State dependency: Every layer in a neural network is connected to all nodes in the previous layer. This means that it requires the state of the previous layer. Even worse, all of the weights for each layer are determined by the previous time step. Therefore, if you want to verify whether someone has trained a model—such as by selecting a random point in the network and seeing if you get the same state—you need to train the model all the way up to that point, which is very computationally expensive.

High Computation Costs: The cost of a single GPT-3 training in 2020 was about $12 million, more than 270 times higher than the estimated cost of GPT-2 training in 2019, which was about $43,000. Generally, the model complexity (size) of the best neural networks doubles every three months. If neural networks were cheaper and/or if training represented a smaller part of the model development process, then the cost of state-dependent verification might be acceptable.
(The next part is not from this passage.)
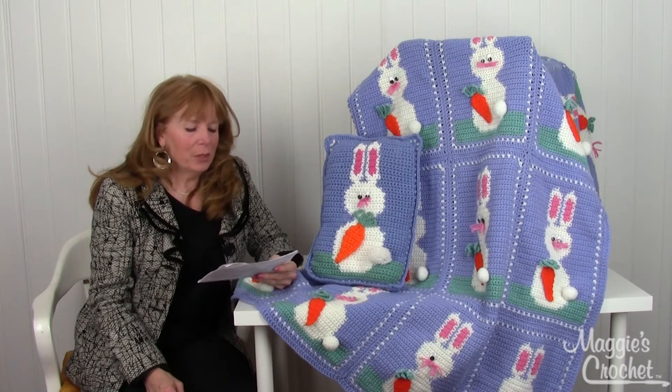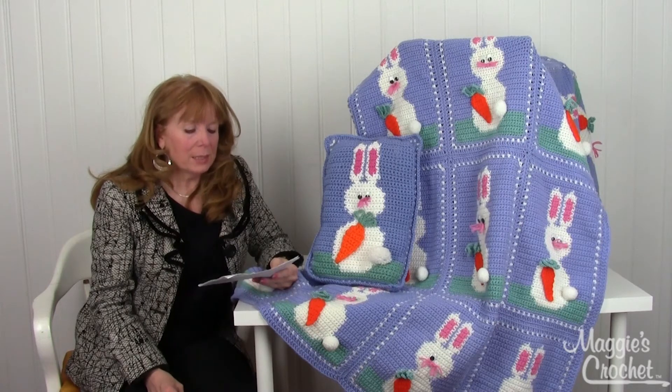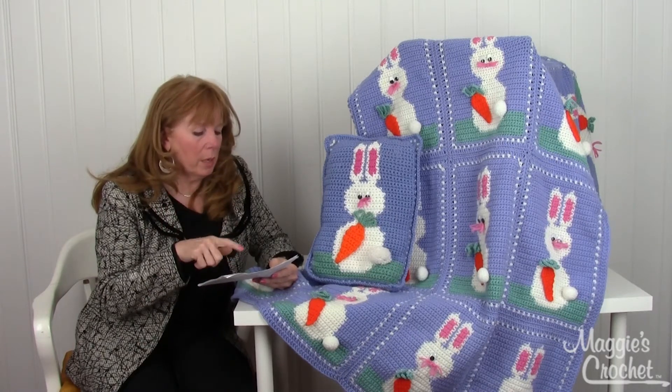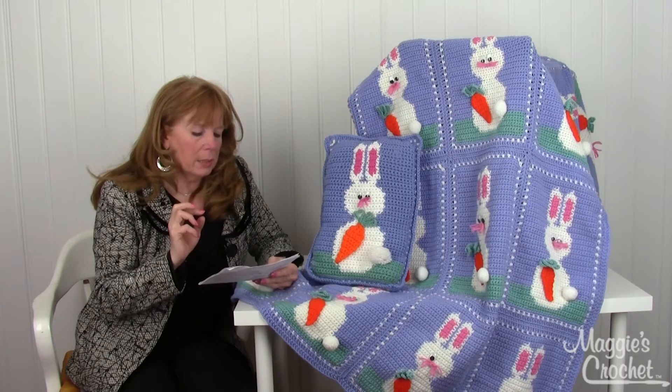Hi, I'm Maggie from maggiescrochet.com and I'm here to show you pattern number PB088 — that's the Easter Bunnies Afghan and Pillow. Both patterns come in the one pattern set right here.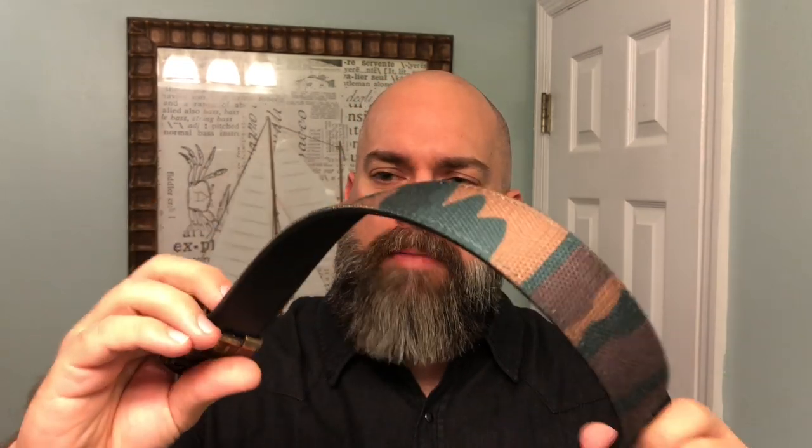One thing I want to stress: don't just buy your typical brown or black leather belts. If you really want to express yourself in your style, feel free to jump into some patterns or different colors. One of the things I've been doing all summer — and I'm going to rock into the fall — is wearing pattern belts. I've got the camo belt here, and this looks awesome.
If we want to reduce the cost of deep learning training and decentralize control, we need a system that can manage state-dependent verification in a way that is not trusted, while also being cheap in terms of the cost and reward of those who contribute to the computation.

How Gensyn Decentralizes AGI Computation

The Gensyn protocol unites all computing power in the world into a global machine learning supercluster that anyone can use at any time. It achieves massively scalable and low-cost, trustless training of neural networks by combining two things:

1. Innovative Verification System

An effective verification system that solves the state dependency problem in neural network training of any size. The system combines model training checkpoints with on-chain probabilistic checks. It does all of this trustlessly and its cost scales linearly with the model size (keeping verification cost constant).

According to Gensyn LiteBlockingper, Gensyn primarily solves the verification problem through three concepts: proof-of-learning (building a certificate of the work performed using metadata from the gradient-based optimization process and quickly verifying it through replication at certain stages), graph-based pinpoint protocol (using a multi-granularity, graph-based pinpoint protocol and cross-evaluator consistent execution to allow verification work to be rerun and compared for consistency, and finally confirmed by the chain itself), and Truebit-style incentive game (using staking and slashing to build an incentive game that ensures each financially rational participant acts honestly and executes their expected tasks).

The system is primarily composed of four major participants: Submitter, Solver, Verifier, and Whistleblower. Submitter: the end user of the system, who provides the task to be computed and pays for the completed work units; Solver: the primary working part of the system, which performs model training and generates proofs for Verifiers to check; Verifier: links the non-deterministic training process to deterministic linear computations, replicates the Solver’s proof, and compares distances with expected thresholds; Whistleblower: the last line of defense that checks the Verifier’s work and challenges it to earn accumulated rewards.

2. New Computing Power Supply

Utilize underutilized and underoptimized computing resources, which include everything from currently unused gaming GPUs to GPUs from the era of Ethereum PoW. The decentralized nature of the protocol means that it will ultimately be managed by the majority of the community and cannot be “shut down” without community consent, giving it censorship resistance unlike its Web2 counterparts.

Large-scale + low-cost: The Gensyn protocol provides costs similar to those of data centers, with the potential for scaling beyond AWS.